## Task goal:
Without including any pictures, copy every line below exactly.

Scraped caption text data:
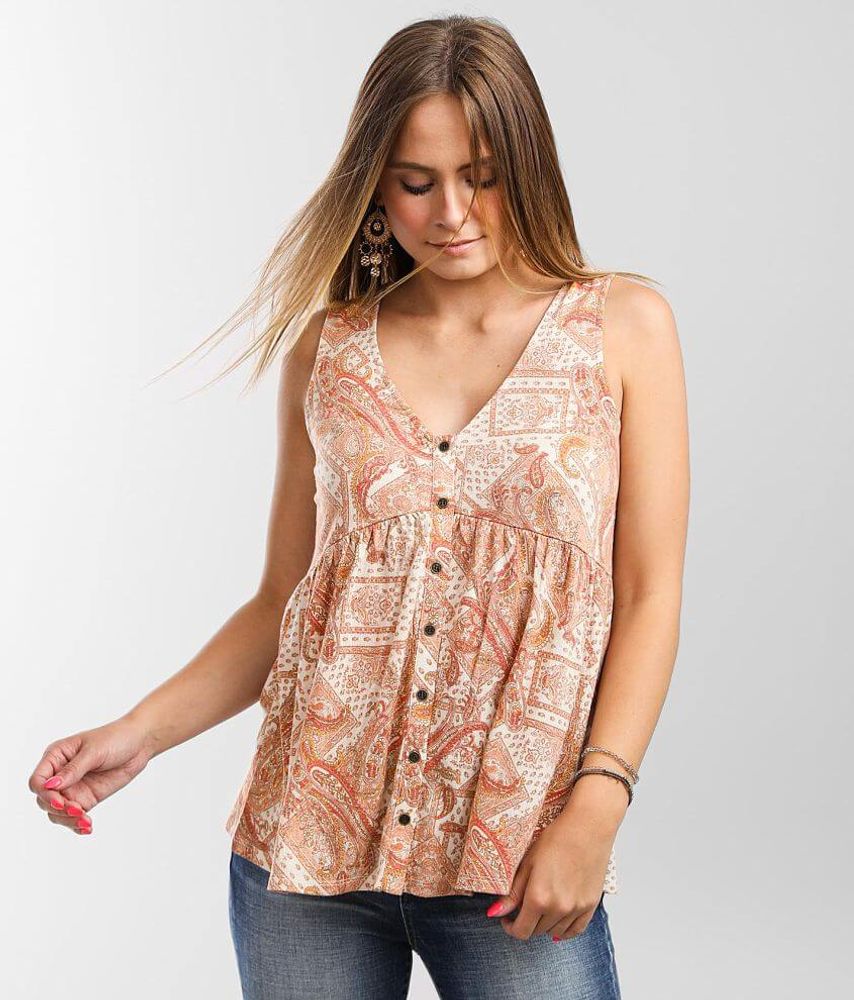 Daytrip Floral Print Chiffon Tank Top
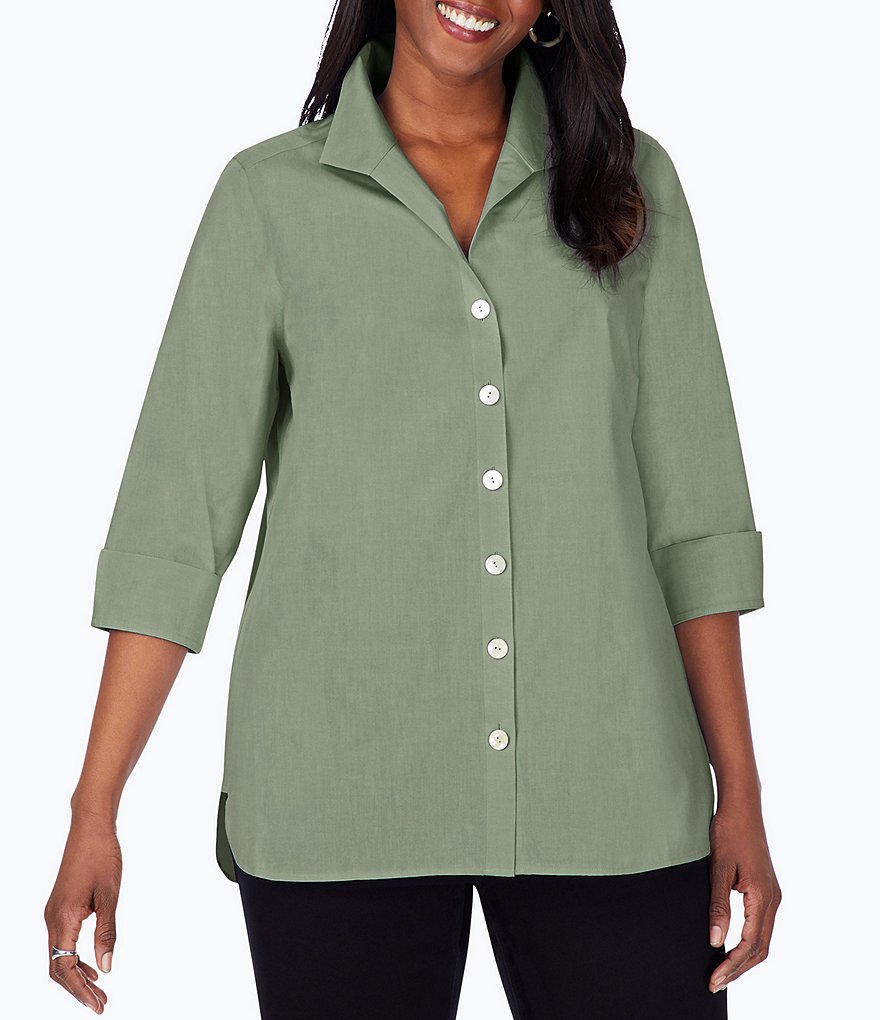 Foxcroft Plus Size Pandora 3/4 Sleeve Spread Point Collar Neck Button Front Shaped Tunic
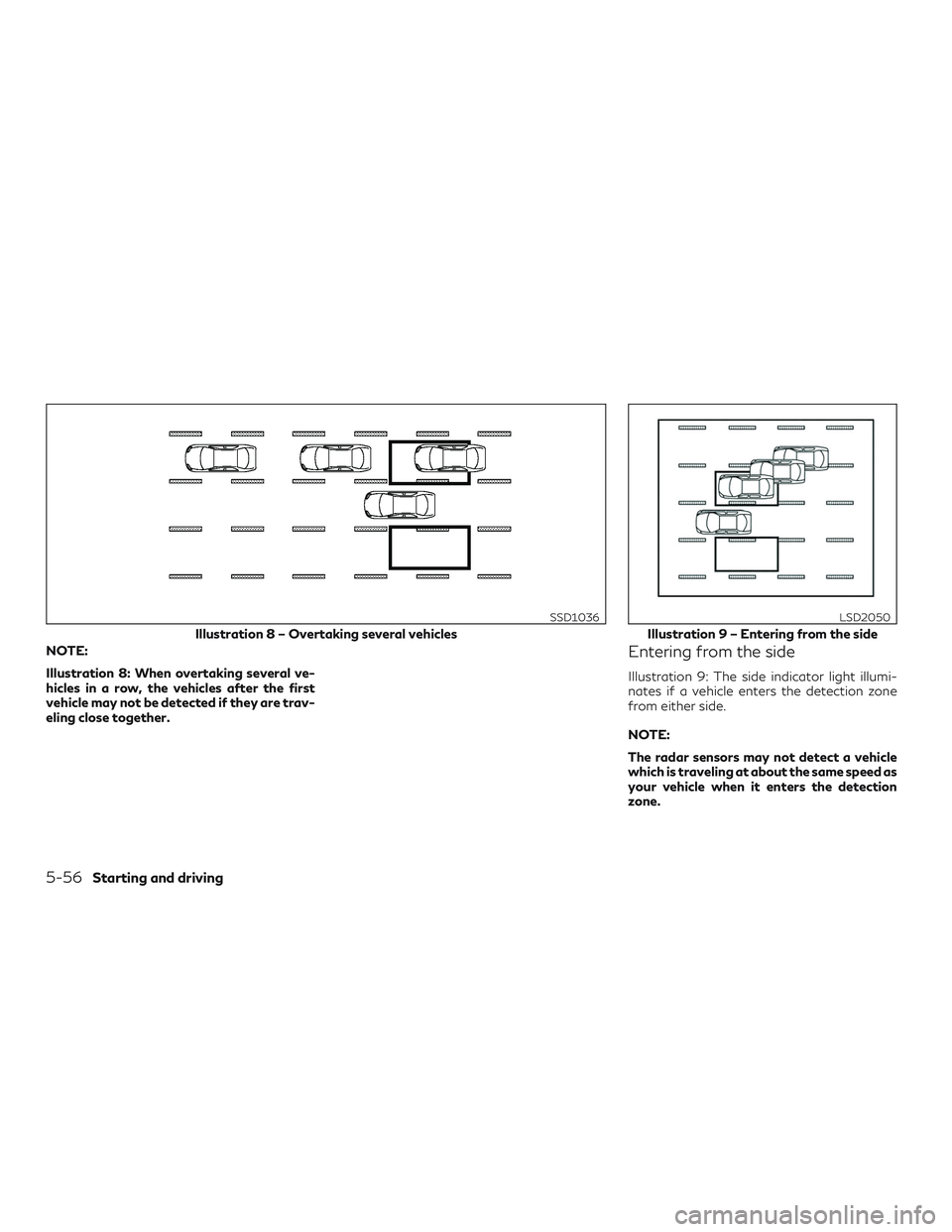 INFINITI QX60 2019 Service Manual NOTE:
Illustration 8: When overtaking several ve-
hicles in a row, the vehicles after the first
vehicle may not be detected if they are trav-
eling close together.Entering from the side
Illustration 9 INFINITI QX60 2019 Service Manual NOTE:
Illustration 8: When overtaking several ve-
hicles in a row, the vehicles after the first
vehicle may not be detected if they are trav-
eling close together.Entering from the side
Illustration 9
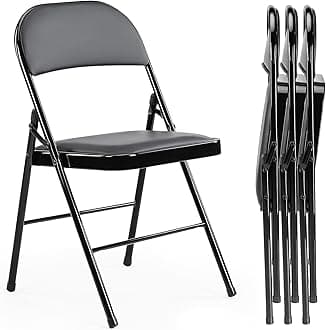 Sweetcrispy Folding Chair 4 Pack, Leather Padded Folding Chairs, Sturdy Metal Foldable Chairs, Easy to Use and Store, Outdoor and Indoor, for Home, Office, Party, Comfy, Black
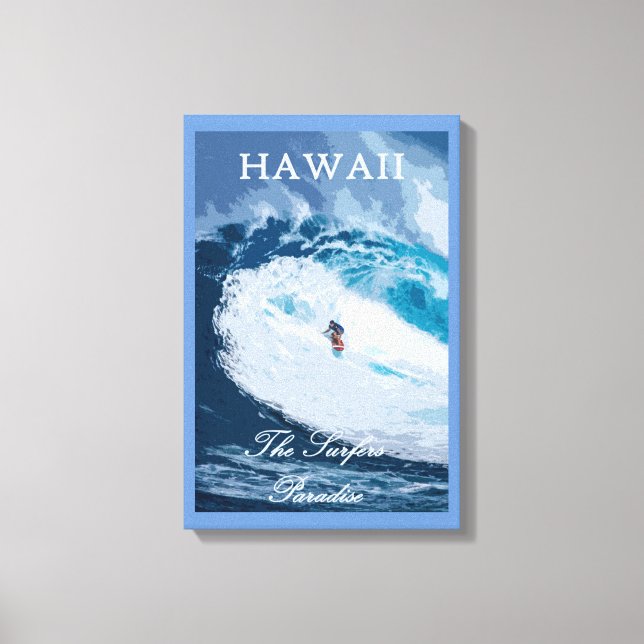 Hawaii Vintage Surfer Canvas Print (Front)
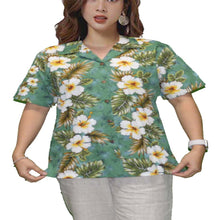 Load image into Gallery viewer, Yellow Hibiscus Women's Camp Shirt Made In Hawaii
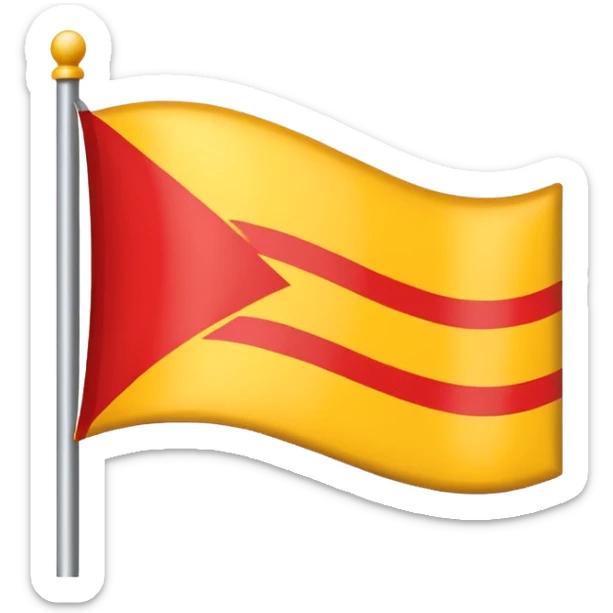  emoji of flag which includes 50% yellow strip top nd bottom 50%red flag like ukraine flag sticker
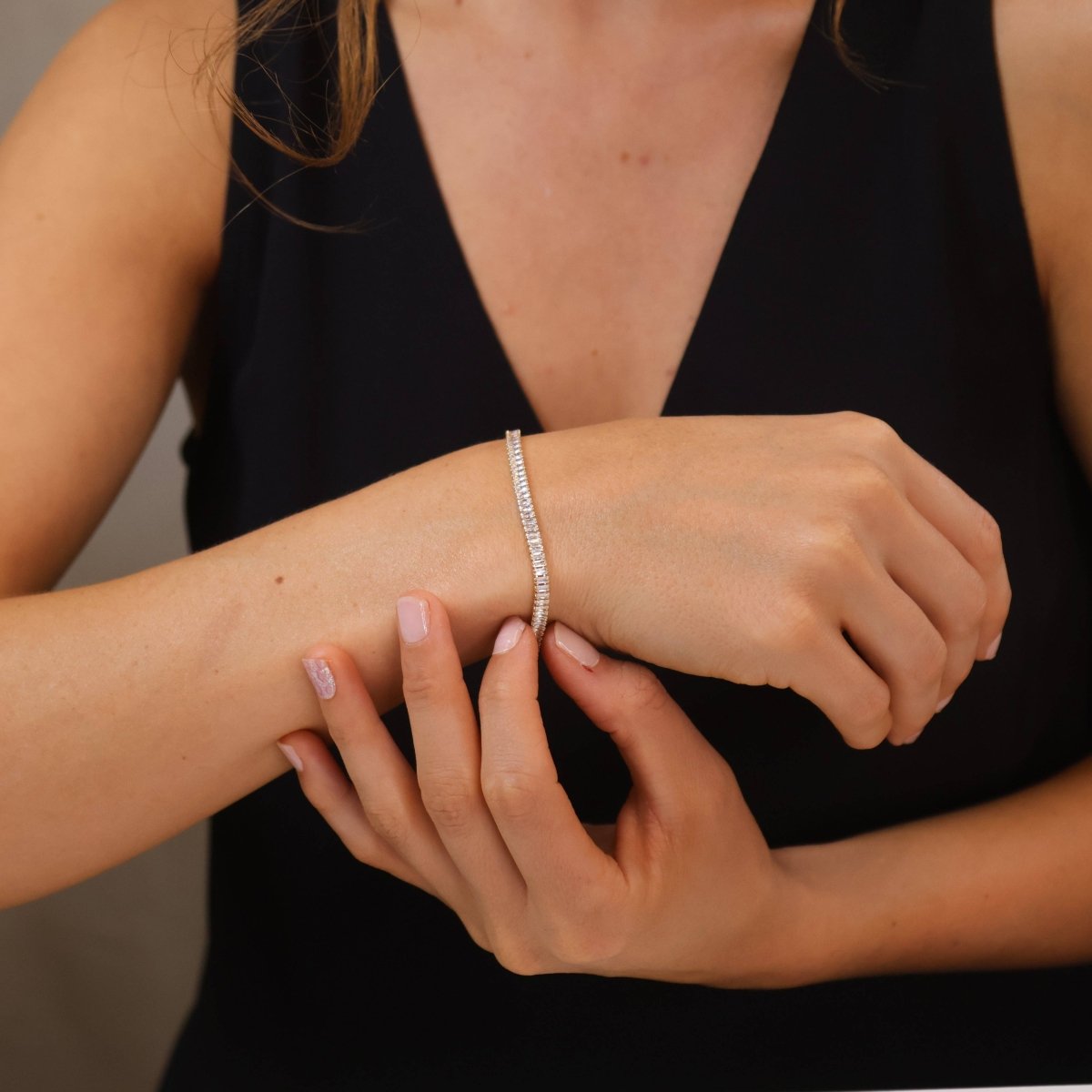 18k Gold Filled 3mm Baguette Cut CZ Tennis Bracelet by GoldFi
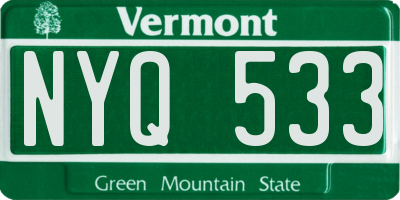 VT license plate NYQ533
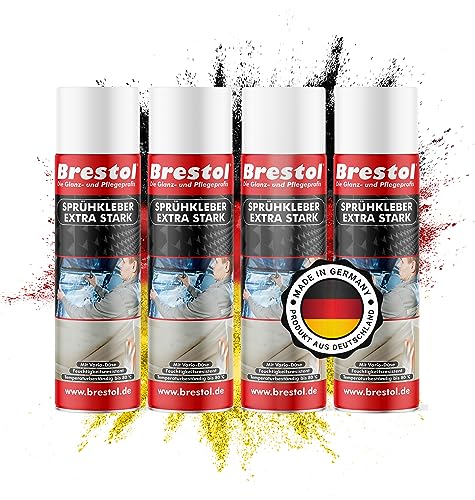 BRESTOL® Sprühkleber Extra Stark – Industrielles Klebespray mit verstellbarem Sprühkopf – Schnelltrocknend & Präzise Dosierbar, Sprühkleber Schaumstoff, Holz, Metall, Kunststoff, etc. 4x 500 ml von Brestol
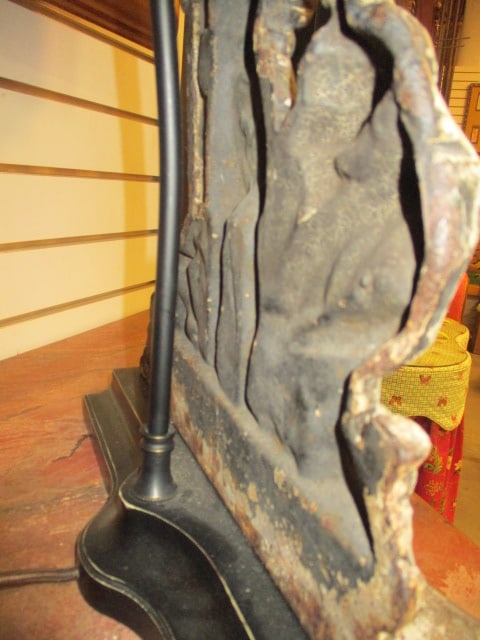 Vintage Cast Iron Tribal Style Male Figural Doorstop on Shaped Black Base Table Lamp - 3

## Expected output:
 Daytrip Floral Print Chiffon Tank Top
 Foxcroft Plus Size Pandora 3/4 Sleeve Spread Point Collar Neck Button Front Shaped Tunic
 INFINITI QX60 2019 Service Manual NOTE:
Illustration 8: When overtaking several ve-
hicles in a row, the vehicles after the first
vehicle may not be detected if they are trav-
eling close together.Entering from the side
Illustration 9 INFINITI QX60 2019 Service Manual NOTE:
Illustration 8: When overtaking several ve-
hicles in a row, the vehicles after the first
vehicle may not be detected if they are trav-
eling close together.Entering from the side
Illustration 9
 Sweetcrispy Folding Chair 4 Pack, Leather Padded Folding Chairs, Sturdy Metal Foldable Chairs, Easy to Use and Store, Outdoor and Indoor, for Home, Office, Party, Comfy, Black
 Hawaii Vintage Surfer Canvas Print (Front)
 Load image into Gallery viewer, Yellow Hibiscus Women's Camp Shirt Made In Hawaii
  emoji of flag which includes 50% yellow strip top nd bottom 50%red flag like ukraine flag sticker
 18k Gold Filled 3mm Baguette Cut CZ Tennis Bracelet by GoldFi
 VT license plate NYQ533
 BRESTOL® Sprühkleber Extra Stark – Industrielles Klebespray mit verstellbarem Sprühkopf – Schnelltrocknend & Präzise Dosierbar, Sprühkleber Schaumstoff, Holz, Metall, Kunststoff, etc. 4x 500 ml von Brestol
 Vintage Cast Iron Tribal Style Male Figural Doorstop on Shaped Black Base Table Lamp - 3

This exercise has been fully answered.